# What class is the language $(C,(v_i)_{i=1}^m,x)$ complete to s.t. $C(x)$ is a boolean circuit with $m$ gates with values $\{v_i\}_{i=1}^m$

Given the following language: $$L=\left\{\,(\,C,\,\{v_i\}_{i=1}^m, \,x\,) \enspace :\enspace \substack{C(x) \text{ is a boolean circuit with } m \text{ gates} \\i\text{'th gate value is } v_i \text{ on input } x} \right\}$$ I need to find out to what known class $$L$$ is complete to with respect to logspace reductions.

I think that it is impossible to reduce $$\text{CVAL}$$ to $$L$$ because if we can compute gate's values $$\{v_i\}_{i=1}^m$$'s we could solve $$\mathrm{CVAL}$$ in logspace which would imply $$\mathbf{P = LOG}$$.

I also think that $$L\in\mathbf{P}$$ because we can calculate $$C(x)$$ and of course all the gates $$\{v_i\}_{i=1}^m$$ using BFS as in computing every boolean circuit value.

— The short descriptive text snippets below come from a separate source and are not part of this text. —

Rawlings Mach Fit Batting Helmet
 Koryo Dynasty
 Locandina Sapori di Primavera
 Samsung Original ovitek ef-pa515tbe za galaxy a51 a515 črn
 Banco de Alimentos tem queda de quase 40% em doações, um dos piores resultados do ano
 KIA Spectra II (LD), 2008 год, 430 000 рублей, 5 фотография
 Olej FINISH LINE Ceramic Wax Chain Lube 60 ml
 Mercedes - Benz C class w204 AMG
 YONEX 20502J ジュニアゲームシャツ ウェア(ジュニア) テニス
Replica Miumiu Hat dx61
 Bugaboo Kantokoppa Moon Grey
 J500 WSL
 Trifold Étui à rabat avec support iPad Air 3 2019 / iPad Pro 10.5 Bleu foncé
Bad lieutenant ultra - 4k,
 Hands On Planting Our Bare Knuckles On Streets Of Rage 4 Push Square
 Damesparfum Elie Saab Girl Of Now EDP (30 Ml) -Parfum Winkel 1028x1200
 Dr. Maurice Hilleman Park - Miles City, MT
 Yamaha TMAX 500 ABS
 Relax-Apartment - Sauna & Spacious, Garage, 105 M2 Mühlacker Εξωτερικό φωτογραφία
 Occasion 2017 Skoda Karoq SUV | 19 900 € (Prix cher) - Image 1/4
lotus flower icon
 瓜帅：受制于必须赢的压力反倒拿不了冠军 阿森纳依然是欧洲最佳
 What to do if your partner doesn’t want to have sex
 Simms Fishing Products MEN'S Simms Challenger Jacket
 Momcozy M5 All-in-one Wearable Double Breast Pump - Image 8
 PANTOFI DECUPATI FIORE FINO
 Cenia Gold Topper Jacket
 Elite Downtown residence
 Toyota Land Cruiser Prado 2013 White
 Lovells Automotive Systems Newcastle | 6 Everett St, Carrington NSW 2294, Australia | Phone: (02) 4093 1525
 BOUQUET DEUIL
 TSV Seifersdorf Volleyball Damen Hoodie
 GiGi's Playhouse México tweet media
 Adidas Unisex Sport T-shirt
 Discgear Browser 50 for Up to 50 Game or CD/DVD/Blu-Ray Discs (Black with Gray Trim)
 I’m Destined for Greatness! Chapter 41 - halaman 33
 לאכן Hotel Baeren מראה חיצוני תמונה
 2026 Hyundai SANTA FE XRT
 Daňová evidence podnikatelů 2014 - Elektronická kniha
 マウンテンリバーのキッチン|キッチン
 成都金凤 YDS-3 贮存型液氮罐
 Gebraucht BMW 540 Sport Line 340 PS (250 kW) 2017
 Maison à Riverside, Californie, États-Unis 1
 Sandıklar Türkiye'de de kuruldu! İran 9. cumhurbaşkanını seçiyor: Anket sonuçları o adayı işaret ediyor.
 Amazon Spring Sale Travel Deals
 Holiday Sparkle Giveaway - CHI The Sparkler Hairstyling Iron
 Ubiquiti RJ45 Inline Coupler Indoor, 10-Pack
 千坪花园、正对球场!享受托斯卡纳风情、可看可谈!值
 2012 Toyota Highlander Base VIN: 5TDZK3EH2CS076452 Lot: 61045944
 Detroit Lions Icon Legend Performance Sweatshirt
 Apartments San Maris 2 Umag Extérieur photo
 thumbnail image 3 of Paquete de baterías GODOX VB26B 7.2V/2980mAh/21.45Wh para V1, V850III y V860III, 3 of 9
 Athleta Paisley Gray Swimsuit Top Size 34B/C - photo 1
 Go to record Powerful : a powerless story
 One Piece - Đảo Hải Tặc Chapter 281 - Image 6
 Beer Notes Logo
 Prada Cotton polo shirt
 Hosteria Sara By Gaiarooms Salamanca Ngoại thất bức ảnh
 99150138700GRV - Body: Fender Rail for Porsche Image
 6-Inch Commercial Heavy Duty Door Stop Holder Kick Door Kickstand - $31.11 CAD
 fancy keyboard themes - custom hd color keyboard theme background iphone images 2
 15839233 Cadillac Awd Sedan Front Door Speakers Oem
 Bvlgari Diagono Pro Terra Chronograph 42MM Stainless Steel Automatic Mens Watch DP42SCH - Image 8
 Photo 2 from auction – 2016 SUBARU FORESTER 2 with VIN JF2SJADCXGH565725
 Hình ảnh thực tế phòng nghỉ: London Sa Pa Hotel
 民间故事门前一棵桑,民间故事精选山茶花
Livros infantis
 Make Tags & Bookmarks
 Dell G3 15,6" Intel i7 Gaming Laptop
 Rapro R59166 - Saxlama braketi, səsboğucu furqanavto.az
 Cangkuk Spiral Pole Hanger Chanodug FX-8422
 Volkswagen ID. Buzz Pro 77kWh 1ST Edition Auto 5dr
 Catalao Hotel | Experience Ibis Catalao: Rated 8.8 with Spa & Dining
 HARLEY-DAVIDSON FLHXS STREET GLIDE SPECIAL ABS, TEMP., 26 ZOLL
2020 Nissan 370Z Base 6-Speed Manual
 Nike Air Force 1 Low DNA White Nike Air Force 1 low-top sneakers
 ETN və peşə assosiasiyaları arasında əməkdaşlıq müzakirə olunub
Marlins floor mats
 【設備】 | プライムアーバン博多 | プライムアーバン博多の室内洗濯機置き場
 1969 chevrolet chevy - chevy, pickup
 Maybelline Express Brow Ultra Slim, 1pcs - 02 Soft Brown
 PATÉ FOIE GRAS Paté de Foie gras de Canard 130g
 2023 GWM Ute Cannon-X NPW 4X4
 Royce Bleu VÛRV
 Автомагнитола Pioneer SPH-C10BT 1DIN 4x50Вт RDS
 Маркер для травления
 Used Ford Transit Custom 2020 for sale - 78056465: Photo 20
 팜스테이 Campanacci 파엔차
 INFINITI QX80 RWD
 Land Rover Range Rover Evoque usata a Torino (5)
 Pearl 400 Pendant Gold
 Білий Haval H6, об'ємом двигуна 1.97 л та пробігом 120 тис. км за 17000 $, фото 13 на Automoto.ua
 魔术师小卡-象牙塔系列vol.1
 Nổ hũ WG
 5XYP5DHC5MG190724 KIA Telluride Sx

• Your language does seem to be in logspace. Oct 26, 2021 at 6:08
• @YuvalFilmus Thank you, Yuval. Already noticed that. I'll post an answer soon. Oct 27, 2021 at 7:12

The language $$L$$ is $$\mathbf{LOG}$$-complete.
All we need to check is for each gate, its value (from the $$(v_i)_{i=1}^{m}$$ input) is consistent with its connected gates (i.e. children).
In other words, just iterate all the gates and make sure the $$(v_i)_{i=1}^{m}$$'s are consistent.
$$L$$ is complete because every language in logspace is complete.